Weirdness with toggling the --use_fast_math compilation flag CUDA 7.5

Usually I can get a good boost out of the --use_fast_math compilation flag, but oddly for a rather large application this compilation flag set results in a slower run time than without, unless I play with the maxrregcount value

The main workhorse kernel verbose compilation output without the --use_fast_math compilation flag set reports a usage of 40 registers per thread, while with the flag set reports 32 registers used per thread for the kernel. This is with no attempt to set the max register usage for the compilation.

The overall running time is about 2.3% faster without the --use_fast_math flag.
If I use the --use_fast_math compilation flag and set the -maxrregcount=40, then it reports 39 registers are used and the running time is about 5% faster than the original version.

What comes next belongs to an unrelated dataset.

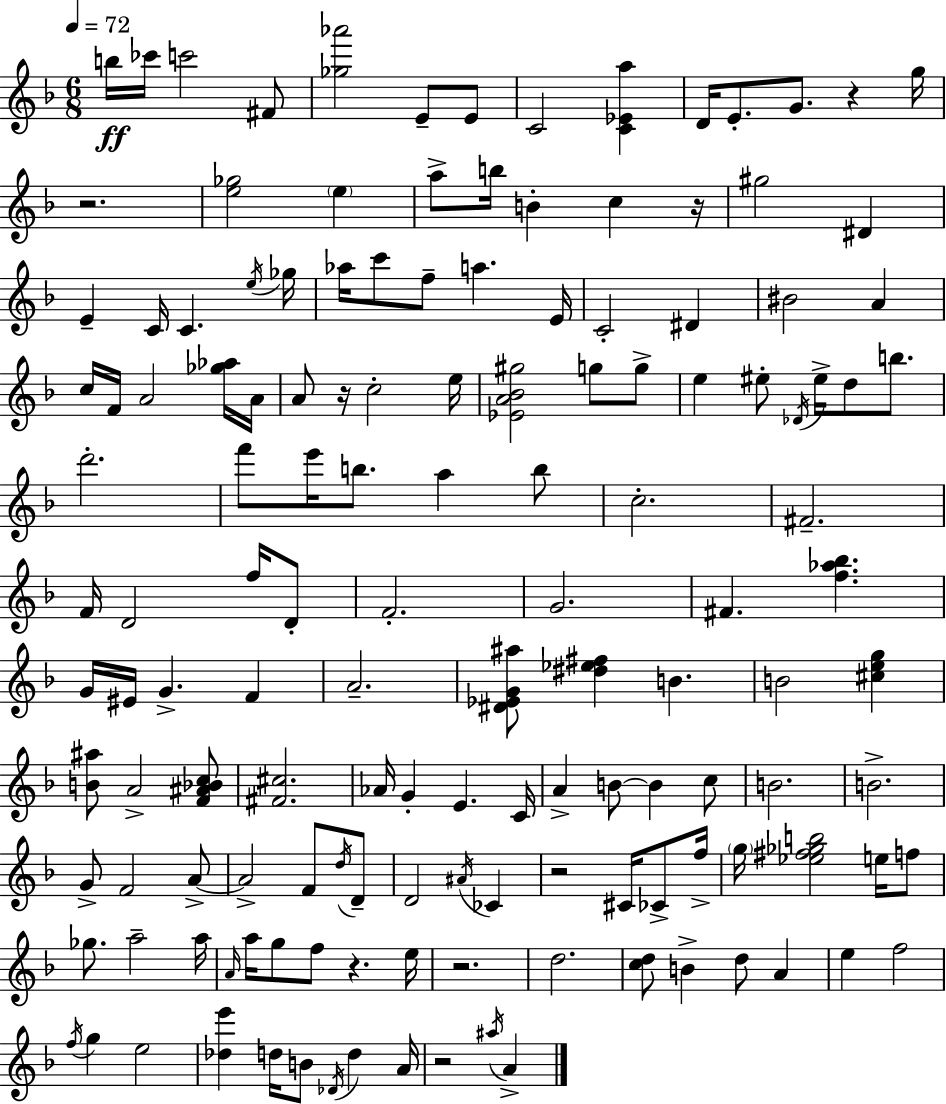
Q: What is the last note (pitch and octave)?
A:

There is a slight loss of accuracy using the fast_math flag relative to a reference volume, which is not a surprise.

I would guess that the implementations of the floating point math functions use less registers with the --use_fast_math compilation flag, but what is then going on when I up the maxrregcount value for compilation?

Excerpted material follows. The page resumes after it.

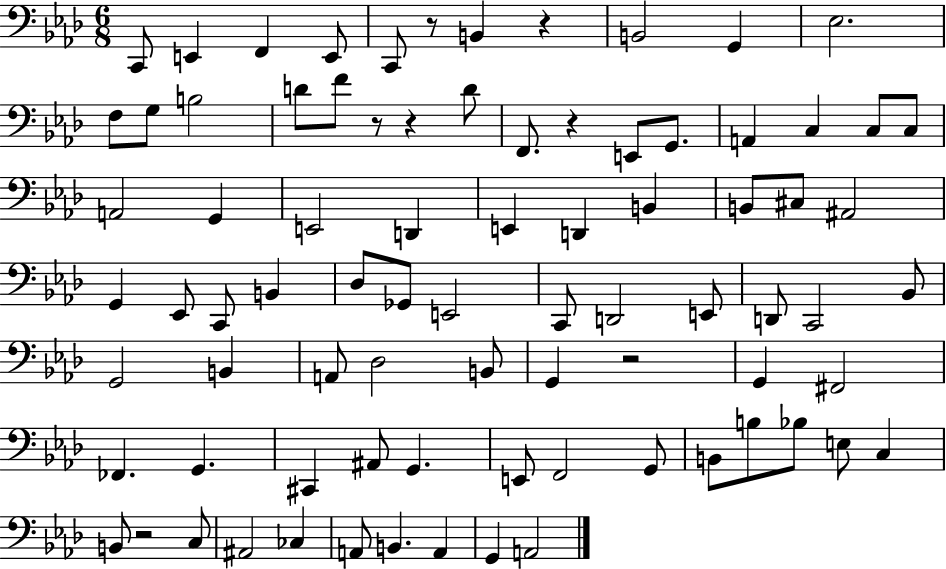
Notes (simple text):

C2/e E2/q F2/q E2/e C2/e R/e B2/q R/q B2/h G2/q Eb3/h. F3/e G3/e B3/h D4/e F4/e R/e R/q D4/e F2/e. R/q E2/e G2/e. A2/q C3/q C3/e C3/e A2/h G2/q E2/h D2/q E2/q D2/q B2/q B2/e C#3/e A#2/h G2/q Eb2/e C2/e B2/q Db3/e Gb2/e E2/h C2/e D2/h E2/e D2/e C2/h Bb2/e G2/h B2/q A2/e Db3/h B2/e G2/q R/h G2/q F#2/h FES2/q. G2/q. C#2/q A#2/e G2/q. E2/e F2/h G2/e B2/e B3/e Bb3/e E3/e C3/q B2/e R/h C3/e A#2/h CES3/q A2/e B2/q. A2/q G2/q A2/h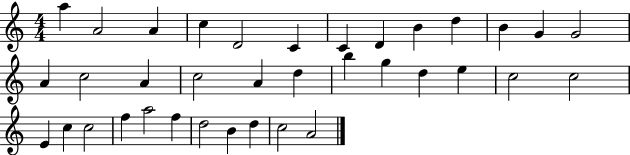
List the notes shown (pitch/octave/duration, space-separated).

A5/q A4/h A4/q C5/q D4/h C4/q C4/q D4/q B4/q D5/q B4/q G4/q G4/h A4/q C5/h A4/q C5/h A4/q D5/q B5/q G5/q D5/q E5/q C5/h C5/h E4/q C5/q C5/h F5/q A5/h F5/q D5/h B4/q D5/q C5/h A4/h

Is that affecting some other portion of the code (each thread has a fairly large double nested loop), or can it also affect the math floating point implementations of the basic 32 bit floating point operations(multiply, divide,addition/subtraction, sqrtf())?

As far as performance differences go, based on extensive experience, I would consider a +/- 2% difference to be within noise level, meaning a difference of 2.3% is barely outside that cut-off.

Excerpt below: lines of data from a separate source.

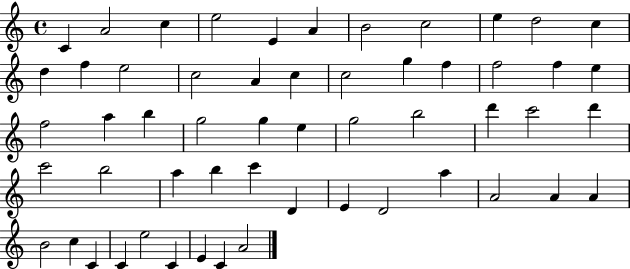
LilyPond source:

{
  \clef treble
  \time 4/4
  \defaultTimeSignature
  \key c \major
  c'4 a'2 c''4 | e''2 e'4 a'4 | b'2 c''2 | e''4 d''2 c''4 | \break d''4 f''4 e''2 | c''2 a'4 c''4 | c''2 g''4 f''4 | f''2 f''4 e''4 | \break f''2 a''4 b''4 | g''2 g''4 e''4 | g''2 b''2 | d'''4 c'''2 d'''4 | \break c'''2 b''2 | a''4 b''4 c'''4 d'4 | e'4 d'2 a''4 | a'2 a'4 a'4 | \break b'2 c''4 c'4 | c'4 e''2 c'4 | e'4 c'4 a'2 | \bar "|."
}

The difference may well come to down to scheduling artifacts introduced by smallish changes in the generated machine code caused by use of --use_fast_math. Scheduling of load instructions in particular may be responsible. A reduction in register use with --use_fast_math is not unusual, as various operations, in particular various math functions use simpler code requiring fewer temporary variables.

Lastly, --use_fast_math turns on -ftz=true, which speeds up some operations, but may slow down others (overall it is typically a win). If memory serves, certain floating-point conversions are slower when FTZ is turned on. The reason for this is that the hardware supports both FTZ and denormal modes for some operation (e.g. FFMA, FMUL, FADD), FTZ mode only for others (e.g. MUFU.EX2, MUFU.LG2), and denormal mode only for floating-point conversions. This non-orthogonality of the hardware is fixed at PTX level, requiring short inlined emulation sequences for the missing flavor.

Do you see the same slow-down effect for multiple architectures (e.g. Kepler and Maxwell), or just a particular architecture?

I am afraid to really get to the bottom of this rather small discrepancies, one would have to look at the generated SASS in detail, with / without --use_fast_math, and with / without -maxrregcount.

I have a (single precision) Nbody code which is about 3 times faster if I run on arch 2.0 or 3.0 and compile with --use_fast_math. However , on arch 3.5 and 5.0 it is actually SLOWER than without -use_fast_math !!

I really don’t understand what the reason is for this. It seems to be slower on all 3.5 and 5.0 cards : used a small K620 and a very big Titan X.

Anybody any suggestions ? What changes in arch 3.5 or 5.0 can be responsible for this and how I get the same performance improvement on arc 3.5 and up ?

Best,
Kees Lemmens, Delft.